Ground Pod Bear Photography
The best piece of camera equipment that I took on my bear photography trip to Alaska was my ground pod. If you follow my blog or on Facebook, you know that I love to use my ground pod for getting low to take shorebird photos. Never dreamed that I’d get the opportunity to take grizzly bear photos from a ground pod.
A few weeks prior to our trip to Alaska, we had a zoom call with our workshop leader and he described the mudflats at Lake Clark. When I asked him if I should take my ground pod, he said yes. Best advice in the world on this trip. Only used my tripod once but used my ground pod on a daily basis. The mudflats looked just like Bolivar only much larger, better backgrounds and with bears on it.
This first photo is a cell phone shot by our outstanding guide and very good photographer from Silver Salmon Creek Lodge, Dave Rasmus. Mom and her cub were working their way toward us while 3 of our group, along with Dave, were standing up taking photos and I’m the one laying down with my ground pod just shooting away. In this photo, I had already turned my camera vertical so they were getting close @ 500mm, see the 3rd photo below.

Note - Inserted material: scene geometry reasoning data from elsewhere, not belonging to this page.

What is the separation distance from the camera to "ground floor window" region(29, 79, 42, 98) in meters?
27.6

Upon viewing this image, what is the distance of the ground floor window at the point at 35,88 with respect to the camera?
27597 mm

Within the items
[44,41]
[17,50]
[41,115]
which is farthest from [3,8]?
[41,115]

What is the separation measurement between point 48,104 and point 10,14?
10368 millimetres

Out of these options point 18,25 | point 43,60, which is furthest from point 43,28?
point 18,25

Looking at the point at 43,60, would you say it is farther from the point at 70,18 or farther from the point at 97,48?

This next photo is almost full frame when they were walking towards me. Mom was off to my left but I maintained focus on the cub as he was adorable, although those claws could do some serious damage.
1/1600 @ F11, ISO 1600, evaluative metering, +2/3 exposure compensation, 500mm from ground pod
As he got closer, here is where I rotated my camera on my gimbal head to the vertical position to help try to keep him in the frame. He ended up getting very close before the guide turned him around by talking to him. Mom was a ways away and couldn’t have cared less about us.

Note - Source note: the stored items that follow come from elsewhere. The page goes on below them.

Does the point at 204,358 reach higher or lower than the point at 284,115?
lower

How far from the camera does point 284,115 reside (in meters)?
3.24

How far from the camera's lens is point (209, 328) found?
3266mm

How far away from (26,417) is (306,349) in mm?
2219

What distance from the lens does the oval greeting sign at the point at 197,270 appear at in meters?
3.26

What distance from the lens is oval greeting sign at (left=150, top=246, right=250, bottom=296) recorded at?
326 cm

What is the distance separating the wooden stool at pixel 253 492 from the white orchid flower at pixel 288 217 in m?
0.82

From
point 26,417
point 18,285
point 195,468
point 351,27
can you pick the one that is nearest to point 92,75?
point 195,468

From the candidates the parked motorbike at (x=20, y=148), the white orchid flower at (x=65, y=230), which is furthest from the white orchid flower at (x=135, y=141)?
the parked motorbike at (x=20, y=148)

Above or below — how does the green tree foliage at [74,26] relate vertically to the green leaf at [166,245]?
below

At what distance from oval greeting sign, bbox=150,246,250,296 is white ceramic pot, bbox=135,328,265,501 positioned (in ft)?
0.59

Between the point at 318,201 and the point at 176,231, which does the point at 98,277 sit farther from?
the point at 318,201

1/1600 sec @ F11, ISO 1600, evaluative metering, +1 exposure compensation, 500mm, uncropped from ground pod
Mom later walked by and showed off her claws in this full frame/uncropped photo. Off the charts fantastic experience for sure. Wouldn’t try this anywhere but this location where we had a very experienced guide with bear spray that knows their behavior, the bears are used to people, we aren’t in their food chain, people don’t hunt/harass them.

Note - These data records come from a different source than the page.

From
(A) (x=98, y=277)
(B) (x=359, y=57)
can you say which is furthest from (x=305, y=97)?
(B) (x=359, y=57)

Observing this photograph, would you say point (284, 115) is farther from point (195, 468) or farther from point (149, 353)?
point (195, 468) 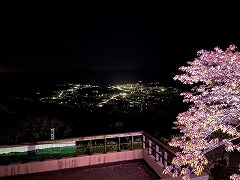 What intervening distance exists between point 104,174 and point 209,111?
11.3 ft

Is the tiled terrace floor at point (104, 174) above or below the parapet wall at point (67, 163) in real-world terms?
below

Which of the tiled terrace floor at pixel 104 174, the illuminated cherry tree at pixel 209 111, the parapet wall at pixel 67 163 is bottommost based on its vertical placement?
the tiled terrace floor at pixel 104 174

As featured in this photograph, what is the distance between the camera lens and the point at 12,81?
77.5 m

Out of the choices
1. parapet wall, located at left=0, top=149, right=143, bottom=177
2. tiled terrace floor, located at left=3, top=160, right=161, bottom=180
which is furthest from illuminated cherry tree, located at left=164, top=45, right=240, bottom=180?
parapet wall, located at left=0, top=149, right=143, bottom=177

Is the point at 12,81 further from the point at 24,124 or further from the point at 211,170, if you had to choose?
the point at 211,170

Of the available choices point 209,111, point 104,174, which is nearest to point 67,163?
point 104,174

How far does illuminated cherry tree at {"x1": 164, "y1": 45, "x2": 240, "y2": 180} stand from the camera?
4797 millimetres

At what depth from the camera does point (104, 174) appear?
22.3 feet

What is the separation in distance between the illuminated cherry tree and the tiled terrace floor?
65.3 inches

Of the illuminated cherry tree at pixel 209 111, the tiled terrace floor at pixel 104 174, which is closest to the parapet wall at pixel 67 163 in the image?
the tiled terrace floor at pixel 104 174

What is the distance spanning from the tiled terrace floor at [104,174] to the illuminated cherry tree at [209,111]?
1.66 m

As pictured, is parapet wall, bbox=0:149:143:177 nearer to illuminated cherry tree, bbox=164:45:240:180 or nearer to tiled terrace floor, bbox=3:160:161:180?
tiled terrace floor, bbox=3:160:161:180

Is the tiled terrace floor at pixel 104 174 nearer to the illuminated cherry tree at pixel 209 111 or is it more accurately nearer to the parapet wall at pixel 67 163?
the parapet wall at pixel 67 163

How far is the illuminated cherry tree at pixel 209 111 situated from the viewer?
15.7 feet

1/800 sec @ F11, ISO 1600, evaluative metering, +1 exposure compensation, 500mm, uncropped from ground pod
While a photo is supposed to stand on its own to tell a story, I think the backstory really brings home what these photos are all about…being one with nature. Great job.
June 30, 2021 at 7:26 am
That had to be an awesome experience! Thanks for sharing the photos!
June 30, 2021 at 5:50 pm
Thanks Doug! Thousands of photos and thousands of stories to tell from this trip.
June 30, 2021 at 7:05 pm
Thank you very much Lea! I’m still having trouble with wrapping my head around how amazing this adventure was. Really glad that I’ve got photos to document the journey.
June 30, 2021 at 7:07 pm
Absolutely amazing work you do.
Thank you. I’m happy to enjoy your photos and read of your experiences, because I’d be digging myself a hole if I was that close to a bear again. A black/brown bear was unexpectedly next to me when I was age 10, and that was enough! Your photos are beautiful!
July 1, 2021 at 4:32 pm
Thank you very much Diane. Can’t imagine the experience you had. This was a much more controlled experience for sure.
July 3, 2021 at 8:09 am
Wow! That looks awfully close.
July 5, 2021 at 4:41 pm
Thanks Daniel! They were very close at times. Wouldn’t want to try this with any inland grizzly bears, which are not as well fed as the coastal bears and have to be more opportunistic with their food. These bears have plenty of food with the protein enriched grass, clams and salmon so we aren’t in their food chain. Plus they are used to having people around that do not feed them or harass them. Our experienced guide has been doing this for 11 years and can read their behavior and will have us back-out of a situation or use his bear spray if needed. Although, he has never had to use his bear spray.